Maintaining state between browser requests
Cookies
Preliminaries
This note describes the cookie protocol used by the server to maintain state between browser requests.
HTTP is a stateless protocol, so each request for a resource is treated on its own merits. Nevertheless, it is a basic requirement of many applications to keep the state of certain variable data available from request to request. This is particularly important when accessing resources which are restricted to individual users. The cookie protocol is one way for browsers and servers to cooperate towards accomplishing this goal.
Set-cookie header
A server response may include one or more set-cookie
headers. These may be created by one of the server's built-in modules, or by a dynamic module developed by a software engineer and configured using the Router.
The only built-in module that creates set-cookie
headers, is the RBAC Auth Handler.
A set-cookie
header should contain only one key/value pair, joined by an equals-sign. Both the key and the value should be separately encoded using the encodeURIComponent
function.
When the browser recieves a response that contains a set-cookie
header, it keeps the key/value pair in its internal data structures, associating it with the response's hostname, and remembering it for the duration of the current browser session.
Browser requests
For each subsequent request to that hostname for any resource, the browser will assemble all of the key/value pairs it has remembered into a single cookie
header, and send it with the request.
Cookie header
Very early in the request/response cycle the server examines the collection of incoming headers looking for the cookie
header. If it exists, it is processed using these steps:
- The raw header value is split into cookie tuples at each semicolon separator.

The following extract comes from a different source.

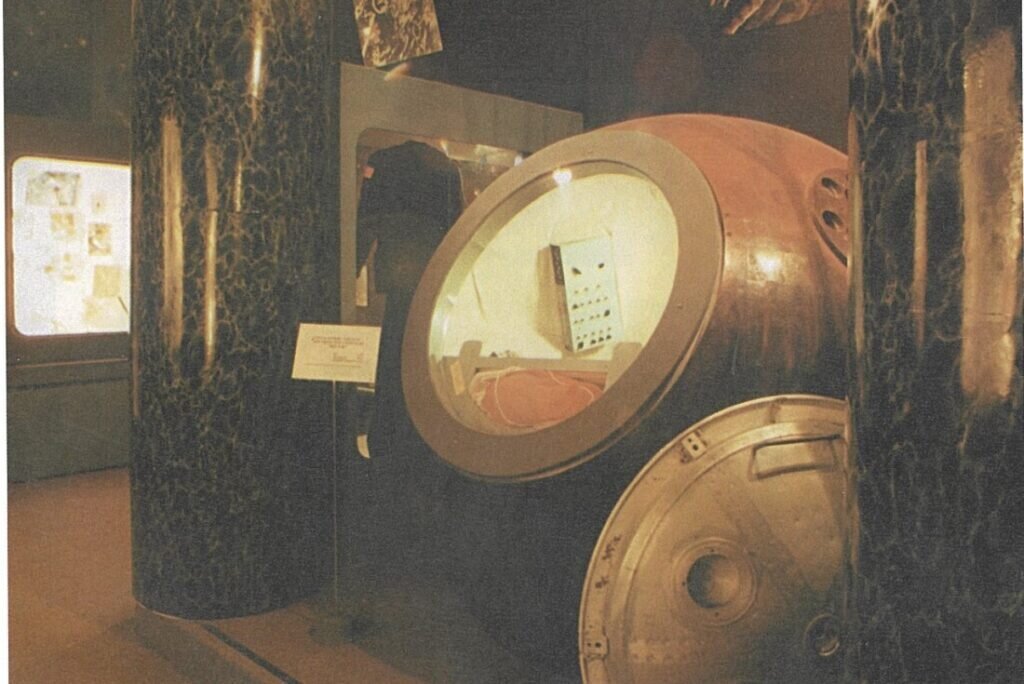 спускаемый аппарат в старой экспозиции музея 2000-е годы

- Each cookie tuple is split into a cookie key/value pair at the first equals-sign encountered. When no equals-sign is encountered, the cookie is assigned a
null
value. - Both the key and value have any URI encoding removed using the
decodeURIComponent
function. - The key and value are added to the work order's
_cookieMap
.
Review
Key points to remember:
- The server informs the browser that some data needs to be remembered, through
set-cookie
response headers. - The browser keeps incoming cookie key/value pairs in its internal data structures.
- The browser sends a
cookie
request header to the server with all remembered key/value pairs associated with the request's domain.